Menunggu kereta berikutnya sampai kapan jika situasinya sama? Bisa-bisa kena semprot bos di kantor gara-gara telatnya parah.
Tiba-tiba tak jauh dari posisi saya berdiri, terdengar suara perempuan, lirih memelas.
"Ada yang mau gantian duduk, saya nggak kuat mau pingsan..."
Bukan hal yang mengherankan. Saya pun merasakan bahwa pagi itu menjadi salah satu pagi penuh "tekanan" selama bertahun-tahun naik Commuterline. Saya hanya bisa pasrah saat dada saya tertekan sangat kuat ke punggung orang lain. Begitu pula saat sikut orang lain mampir ke ulu hati saya.

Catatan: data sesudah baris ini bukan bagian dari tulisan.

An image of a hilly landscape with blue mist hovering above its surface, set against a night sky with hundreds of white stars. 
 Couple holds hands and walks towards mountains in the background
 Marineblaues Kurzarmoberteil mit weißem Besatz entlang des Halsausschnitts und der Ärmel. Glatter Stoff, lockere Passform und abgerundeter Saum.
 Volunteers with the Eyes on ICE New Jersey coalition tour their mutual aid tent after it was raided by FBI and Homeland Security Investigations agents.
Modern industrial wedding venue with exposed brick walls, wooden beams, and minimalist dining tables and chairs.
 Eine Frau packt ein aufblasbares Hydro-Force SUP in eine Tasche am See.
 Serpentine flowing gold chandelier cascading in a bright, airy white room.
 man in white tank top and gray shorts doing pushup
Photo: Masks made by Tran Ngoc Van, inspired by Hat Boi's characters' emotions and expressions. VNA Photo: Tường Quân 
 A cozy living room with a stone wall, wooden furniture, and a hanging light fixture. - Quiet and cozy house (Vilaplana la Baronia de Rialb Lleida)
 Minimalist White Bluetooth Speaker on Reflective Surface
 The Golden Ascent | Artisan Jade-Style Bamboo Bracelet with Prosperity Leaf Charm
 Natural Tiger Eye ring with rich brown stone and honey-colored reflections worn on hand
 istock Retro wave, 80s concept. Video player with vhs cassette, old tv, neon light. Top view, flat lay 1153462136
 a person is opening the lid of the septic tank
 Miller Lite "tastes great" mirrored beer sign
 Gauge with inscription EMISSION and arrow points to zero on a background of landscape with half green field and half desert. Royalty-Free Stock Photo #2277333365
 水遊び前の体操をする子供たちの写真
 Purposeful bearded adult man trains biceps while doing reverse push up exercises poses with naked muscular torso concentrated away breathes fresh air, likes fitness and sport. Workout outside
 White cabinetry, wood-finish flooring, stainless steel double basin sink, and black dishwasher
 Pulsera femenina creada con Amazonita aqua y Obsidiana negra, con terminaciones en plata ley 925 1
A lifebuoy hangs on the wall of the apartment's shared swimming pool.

Saat kereta hendak berhenti atau saat mulai jalan, di dalam kereta seperti snack dalam toples yang dikocok-kocok. Hal ini diperparah dengan posisi besi pegangan yang tidak "terjangkau" oleh rata-rata penumpang di dalam.
Belakangan moda transportasi KRL Commuterline memang menjadi pilihan yang dilirik oleh masyarakat sekitar Jakarta. Mereka yang "tersisih" ke Depok, Bogor, Bekasi hingga Tangerang, memilih Commuterline sebagai andalan transportasi menuju tempat mencari nafkah di Jakarta. Selain lebih murah juga dianggap lebih cepat (dengan syarat tidak ada gangguan keterlambatan).
Semakin sesaknya Commuterline disinyalir akibat makin menjamurnya perumahan baru di daerah pinggiran. Kini, coba saja anda lihat brosur-brosur penawaran perumahan baru, pasti pengembang akan mencantumkan kata-kata promo bahwa lokasi perumahan mereka "hanya beberapa menit saja" menuju ke stasiun KRL.
Makin banyak penduduk, makin banyak pula pengguna Commuterline. Tapi sisi manusiawi di Commuterline menjadi taruhannya. Ketika armada tidak bertambah, ketika jalur tidak bisa pula ditambah, maka ribuan orang tiap harinya akan menerima nasib dijejal-jejal bak "pepes" dalam kotak besi berwujud Commuterline.
Sebagai orang yang sudah lama mengandalkan moda transportasi ini, saya justru mulai berhenti untuk mengajak orang agar naik Commuterline. Dulu ketika melihat kawan atau tetangga terlihat lelah karena tiap hari ke Jakarta naik sepeda motor, saya akan menyarankannya untuk pindah saja naik kereta.
"Enak kok naik kereta, cepat nyampainya, nggak capek di jalan," kata saya, promosi gratis. Tapi itu dulu.